# Exercise details
Begin at the line containing "an old wooden frame hanging on the wall" in the records below, end at the line containing "Private patio with", and retype each line in that span exactly. No other line and no image should appear.

BEGIN Data extracts

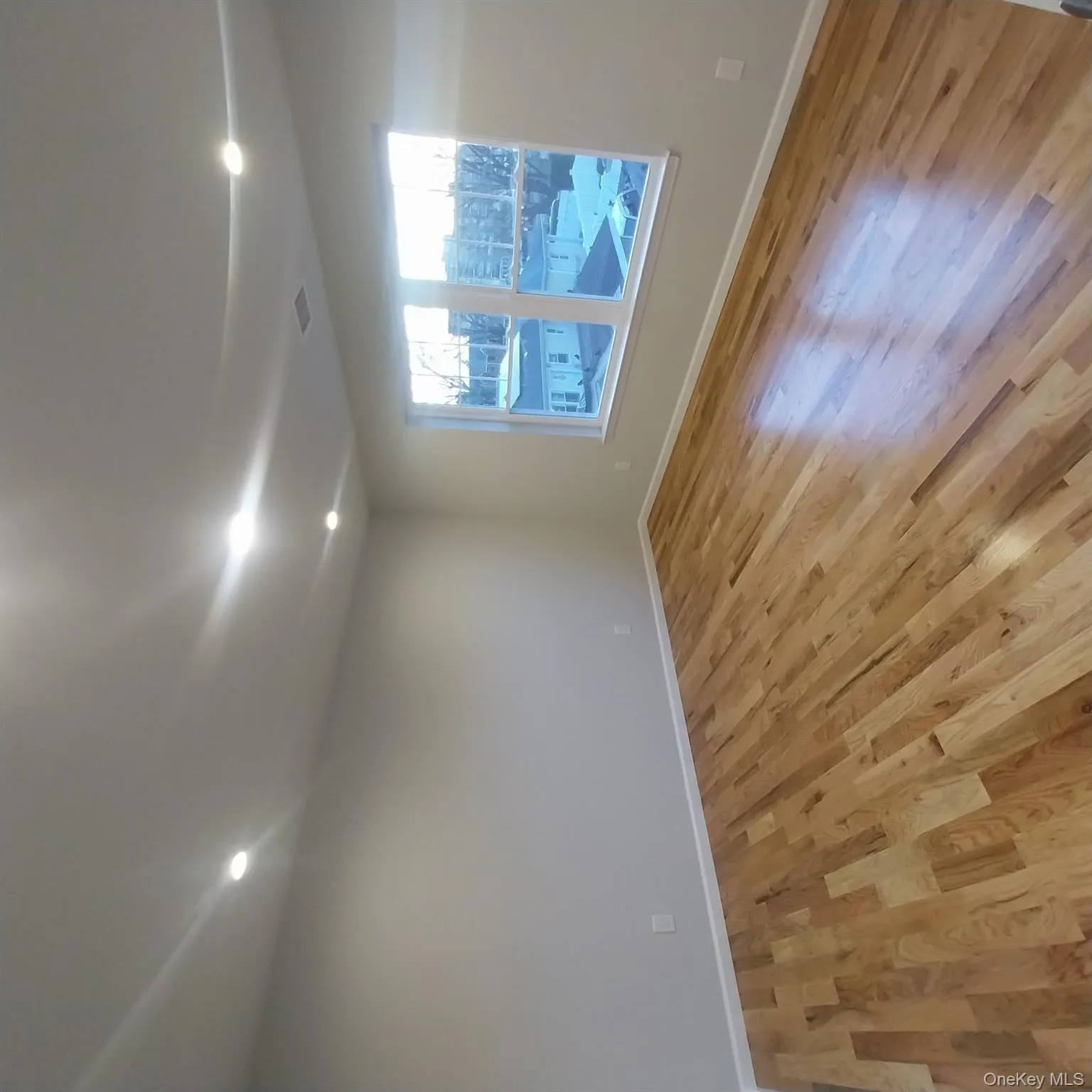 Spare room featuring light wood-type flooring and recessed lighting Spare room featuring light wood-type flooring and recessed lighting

END Data extracts
BEGIN Data extracts

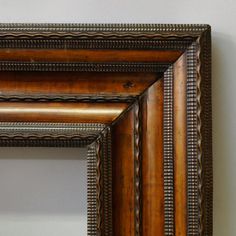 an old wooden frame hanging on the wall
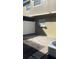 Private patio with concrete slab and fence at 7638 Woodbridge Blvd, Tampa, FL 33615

END Data extracts
BEGIN Data extracts

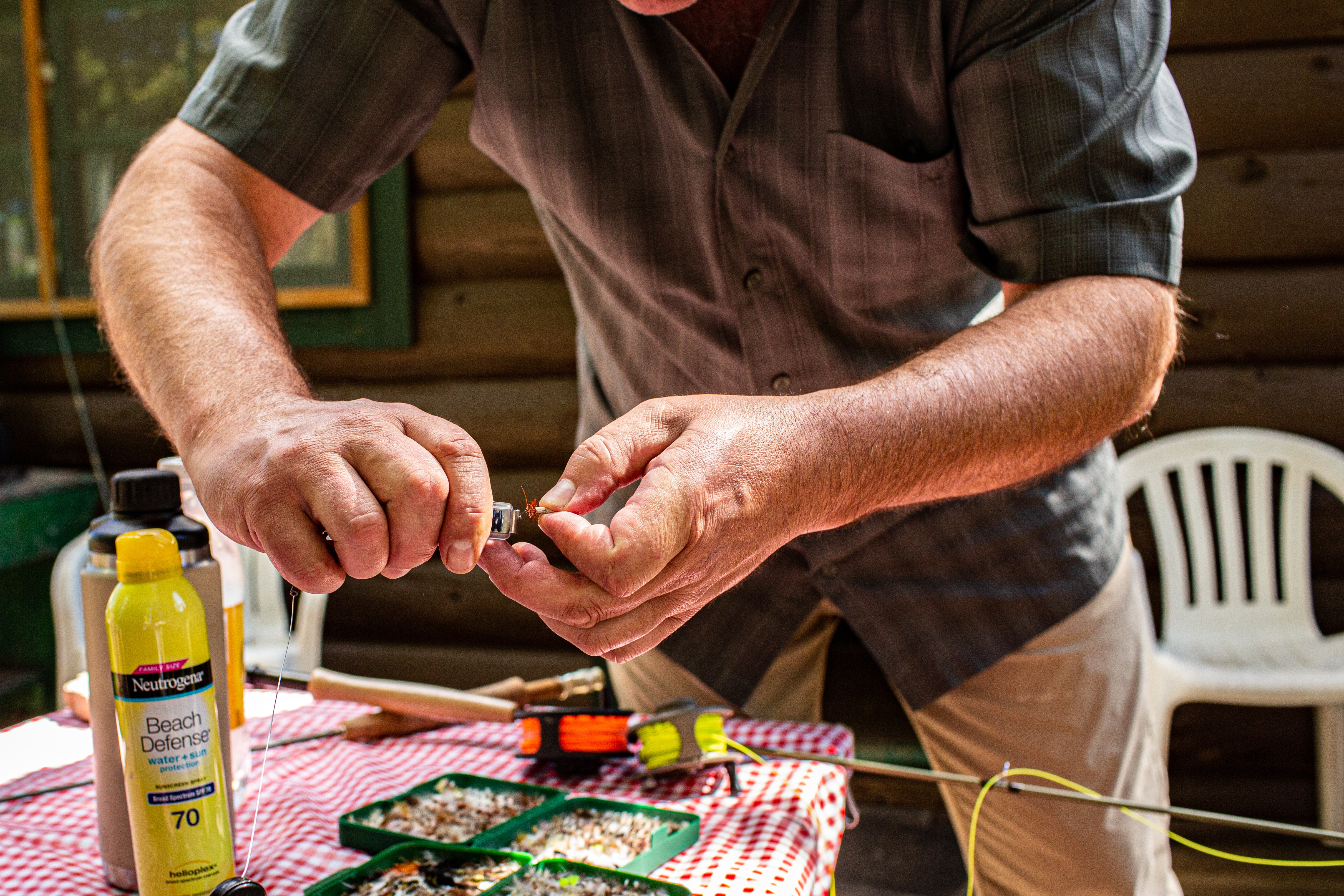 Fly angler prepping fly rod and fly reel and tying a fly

END Data extracts

# Task answer
 an old wooden frame hanging on the wall
 Private patio with concrete slab and fence at 7638 Woodbridge Blvd, Tampa, FL 33615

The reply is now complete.